Ubc9

Attachment of SUMO (small-ubiquitin-related modifier) to a lysine residue(s) in target proteins, a post-translational modification called SUMOylation, can alter protein function through changes in protein stability, transcriptional activity or subcellular localization. Covalent attachment of SUMO to protein substrates requires an E1 activating enzyme and an E2 conjugation enzyme. In 1997, Ubc9 (ubiquitin-conjugating enzyme 9; also known as Ube2i) was identified as the yeast E2 conjugation enzyme for SUMO modification. A functionally conserved human homologue of the yeast Ubc9 was also identified. Ubc9 is required for SUMO conjugation in Saccharomyces cerevisiae, suggesting that it is the only E2 ligase for the SUMO conjugation reaction. Comparison of the Ubc9 crystal structure with that of the ubiquitination E2 enzymes Ubc1 and Ubc4 revealed that Ubc9 shares considerable sequence and tertiary structural similarity with the class I E2-type ubiquitin-conjugating enzyme family.
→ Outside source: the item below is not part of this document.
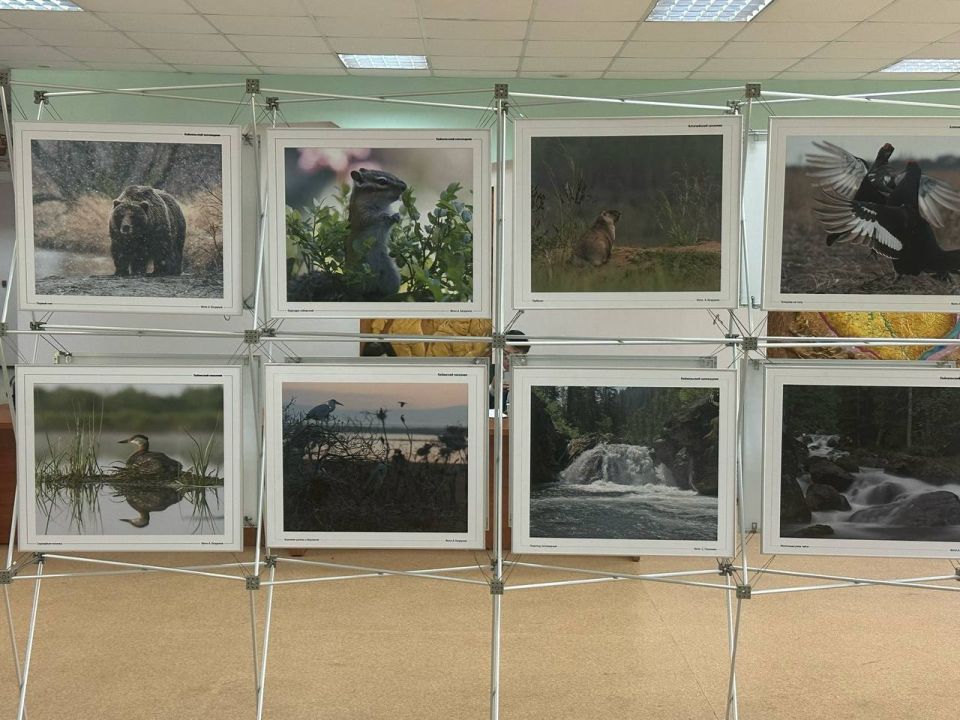 В Байкальске стартовал международный форум по экологии В Байкальске стартовал международный форум по экологии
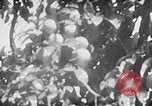 Image of Operation Junction City South Vietnam, 1967, second 45 stock footage video 65675068950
Ubc9, however, has two small sequence insertions which create an exposed β-loop at residues 32-36, and a bulge in the loop at residues 94-102. Although ubiquitination requires an E3 ligase, Ubc9 is sufficient for SUMOylation, as some identified substrates can be specifically modified in vitro using only E1 (Uba2/Aos1), Ubc9, mature SUMO and ATP. However, three distinct types of SUMO E3 ligases have been identified: PIAS (protein inhibitor of activated STAT) family members; the vertebrate nuclear pore protein RanBP2/Nup358; and the polycomb group protein Pc2. E3 ligases strongly enhance SUMOylation of target proteins, which is often marginal in vitro in the presence of only E1 and E2 enzymes, and are likely to contribute to SUMOylation substrate specificity and efficiency.